Im Prozess um den Überfall auf Connewitz durch über 200 Rechtsradikale im Januar 2016 haben zwei Beteiligte ausgesagt: Andreas C. und David D. sprachen über unbekannte Handynummern, Treffpunkte und ihre angebliche Angst vor Übergriffen durch Linksradikale. Richter Marcus Pirk setzte die Freiheitsstrafen von einem Jahr und vier Monaten zur Bewährung aus. Richter, Staatsanwaltschaft und Verteidigung hatten sich wegen der Aussagen darauf verständigt. Zeugen aus dem ersten Verfahren wurden wieder ausgeladen.

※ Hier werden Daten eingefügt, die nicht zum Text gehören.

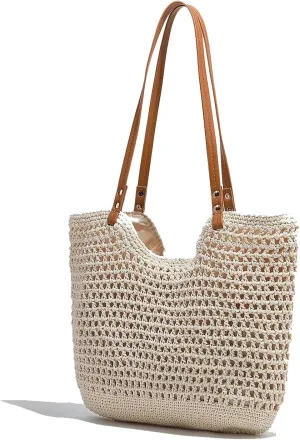 Summer Beige Cotton Knitted Shoulder Bag bags for 2025, Bohemian Hobo Crochet Beach bag Casual Designer Purse for Women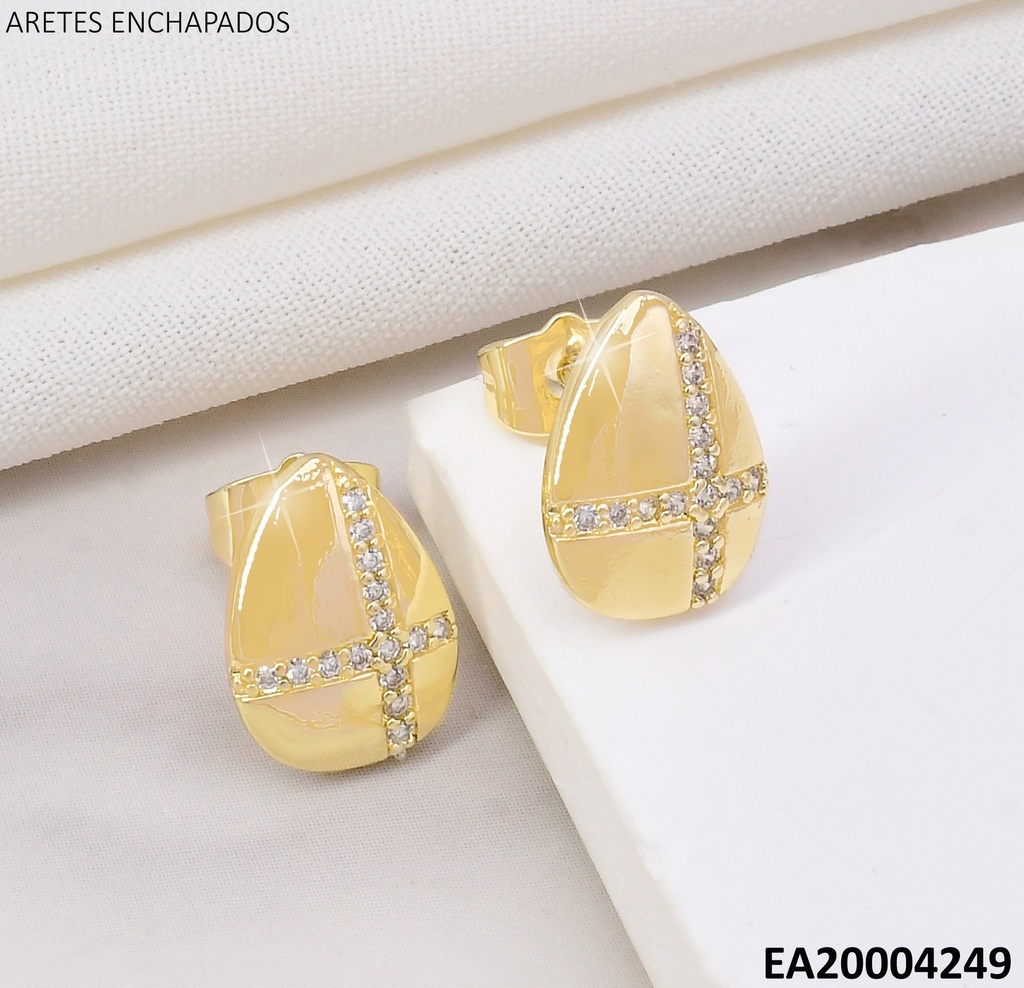 ARETES GOTA PLANA C/CRUZ LATERAL ZIRC.K5901-787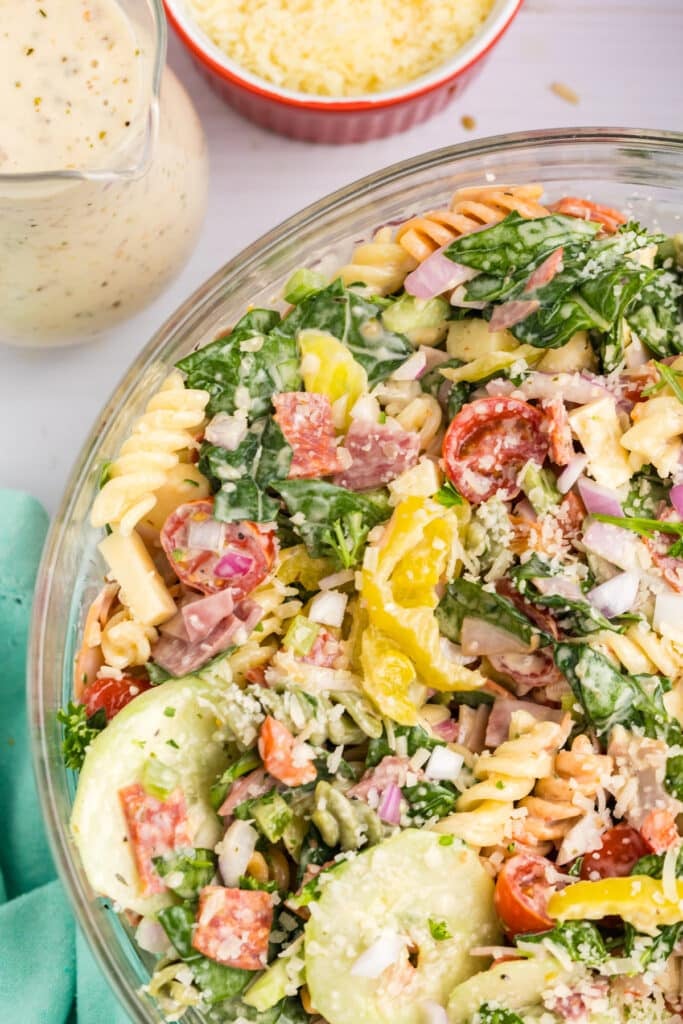 closeup overhead shot of italian sub pasta salad in a bowl.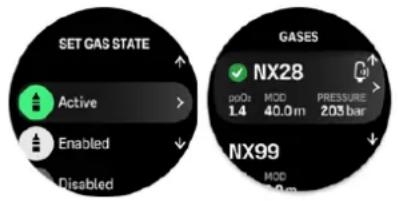 SET GAS STATE Active Enabled Disabled GASES NX28 poOz 1.4 MOD 40.0 m PRESSURE 2.03 bar NX99 MOD 50 m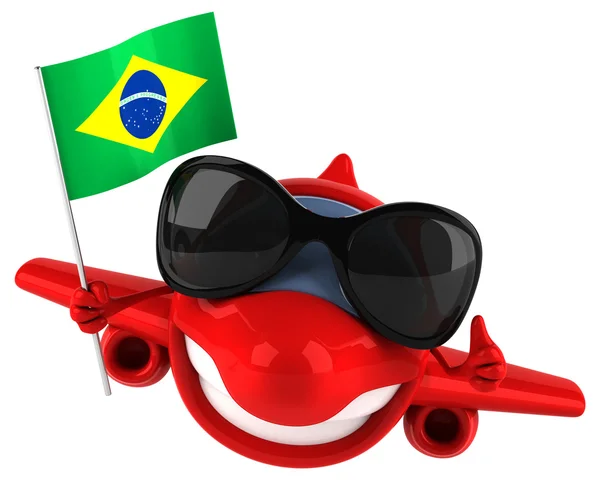 Divertido avión con bandera de Brasil — Foto de Stock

Andreas C. und David D. brechen das Schweigen der Angeklagten im Prozess um den Überfall auf Connewitz: Sie sehen sich als unbeteiligte Mitläufer eines Aufmarsches, den sie als Demonstration verstanden hätten. Laut einer Erklärung, die der Verteidiger von David D., Olaf Klemke verlaß, begann der Abend des 11. Januar 2016 mit einer SMS, die er von einem Unbekannten erhielt: »Leipzig macht sich gerade«, las er da und einen Verweis auf das linksalternative Connewitz. Und so fuhr er zu einem Sammelpunkt nahe Naunhof. Dort traf er auf eine Gruppe schwarz gekleideter Männer, die er nicht gekannt habe. Dass diese mit Holzlatten, Schlagringen und Quarzsandhandschuhen bewaffnet waren, sei für ihn verständlich gewesen. Er habe seine Schlaghandschuhe schließlich auch dabei gehabt – aus Angst vor Übergriffen »durch Linke«.
Aus Angst dabei geblieben
Sie hätten erwartet, dass es nach dem Aufmarsch in Connewitz weiter zur Legida-Demonstration in die Innenstadt ginge, sagten David D. und Andreas C. An den Verwüstungen hätten sie sich selbst nicht beteiligt, im Gegenteil. Sie hätten sich entfernen wollen, als die ersten Schaufenster eingeschlagen wurden. Das sei jedoch nicht möglich gewesen: David D. habe sich nicht alleine durch Connewitz getraut, aus Angst vor Übergriffen, sagte sein Anwalt Olaf Klemke, der auch den NSU-Unterstützer Ralf Wohlleben im Münchner Prozess verteidigt hatte. Andreas C. sei mit eingekesselt worden, ehe er die Gruppe verlassen konnte.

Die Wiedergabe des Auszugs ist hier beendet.